Conceber o período como transitório, a partir da descrição da vida social e de outras formas de cultura, encontra obstáculos nas delimitações etárias pautadas, unicamente, por processos biológicos universais. Para Eisenstadt (1969), a juventude é um fenômeno universal e, mesmo diante de todo seu caráter biológico, sempre se define em termos culturais. Ainda que os processos biológicos básicos de maturação sejam, provavelmente, semelhantes em todas as sociedades humanas, a definição cultural de juventude varia de uma sociedade para outra, com delimitações variáveis das idades e das diferenças entre elas. A etnografia mostra que todas as sociedades organizam divisões etárias, mas o fazem de forma própria, entendendo, com isso, que a idade não é um dado da natureza, nem fator explicativo dos comportamentos humanos (Debert, 1998). A importância da idade como critério para atribuição de papéis em uma sociedade está intimamente relacionada a diversos aspectos fundamentais da organização social e da orientação cultural.
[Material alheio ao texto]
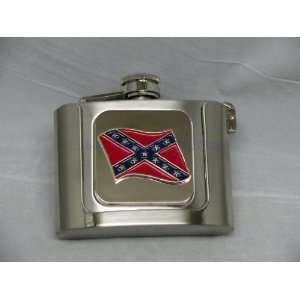    Confederate Rebel Csa Flag Flask Belt Buckle 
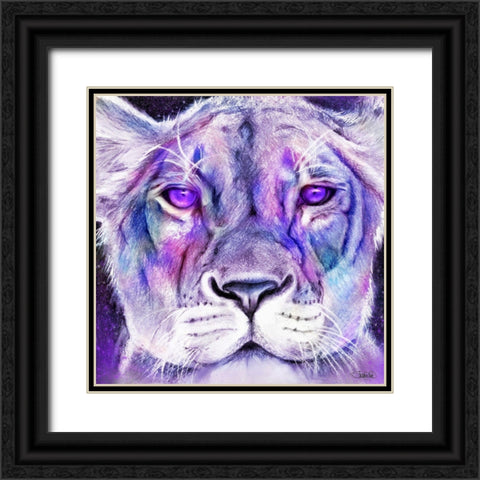 Purple Majestic Lion Black Ornate Wood Framed Art Print with Double Matting by Sheena Pike Art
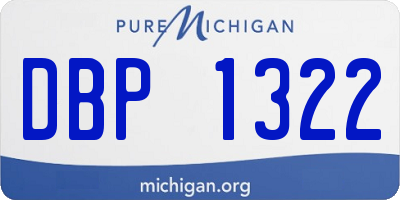 MI license plate DBP1322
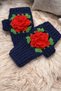 Megahan Boutique Navy Blue and Red Rose Motif Scarf and Glove Set - 3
Falar de jovens na sociedade atual implica na consideração de um mundo em que pouco ou quase nada está pré-determinado. Tradicionalmente, considera-se que a transição para a vida adulta culmina com a saída da casa dos pais, o casamento e a entrada para o mercado de trabalho, eventos que marcam a independência do jovem e a assunção das responsabilidades de adulto. Entre o início do século XX até final dos anos 1970, essa transição tendia a acontecer, para a grande maioria das pessoas, em uma idade previsível (Sheehy, 2003). No entanto, diante das transformações sociais que temos vivido, tais eventos não ocorrem mais de forma linear, portanto não é mais possível prever a idade em que eles ocorrerão. Além de delimitações etárias e transformações biológicas, há um conjunto de fatores e expectativas, em relação às novas gerações, que contribuem para a incerteza sobre o futuro.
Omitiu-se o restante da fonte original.